Here’s how you build an image of 426 000 cellphones.
(1) Get 400 actual phones. (2) Pour them into a wooden
frame on your studio’s floor. (3) Photograph from
directly above. (4) Stir, to make a similar but not
identical photograph. (5) Repeat 198 times. (Each of the
200 images will be used 5 or 6 times.) (6) Spend the
next two weeks manically trimming, by hand, around the
edges of each of the 200 photographs, airbrushing out
all the fractional phones. (7) Cut and paste 1065 times,
moving the individual photographs around for the best
visual effect and to keep the 5 or 6 identical copies as
far away from one another as possible. Finally, (8) send
a DVD with your 1 gigabyte file to a specialty shop in
New York equipped with a Canon inkjet printer with a
60-inch wide roll for printing, mounting, and framing.

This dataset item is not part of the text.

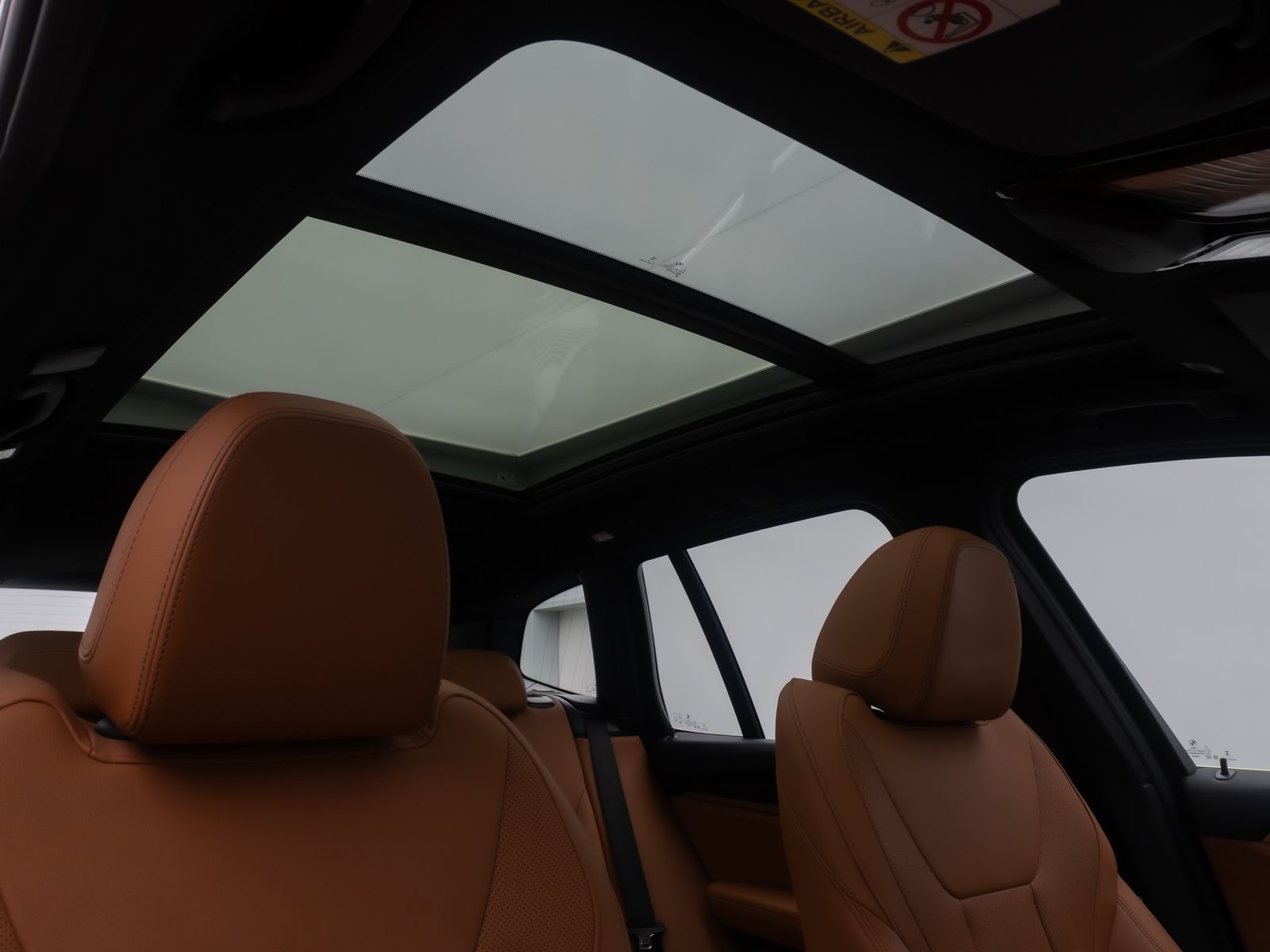 Fahrzeugabbildung BMW X3 xD20d Panorama Kamera DAB AHK Sport 19Zoll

(9) Ship the framed artwork to the Von Lintel Gallery in
New York City.
Another of Jordan's works, Jet Trails, depicts 11 000
jet trails, equal to the number of U.S. commercial
flights every eight hours.
Photo by Chris Jordan
|
for a similar interactive
scaled view of Jet Trails
|
Jordan's show, Running the Numbers, opens at the
Paul
Kopeikin Gallery, in Los Angeles, on 8
September. His website,
http://www.chrisjordan.com/, contains
more information and a complete set of
images, including closeups. Among the
other staggering statistics depicted are
that 1.14 million brown paper supermarket bags are
used in the United States every hour and that two
million plastic beverage bottles are used used every
five minutes.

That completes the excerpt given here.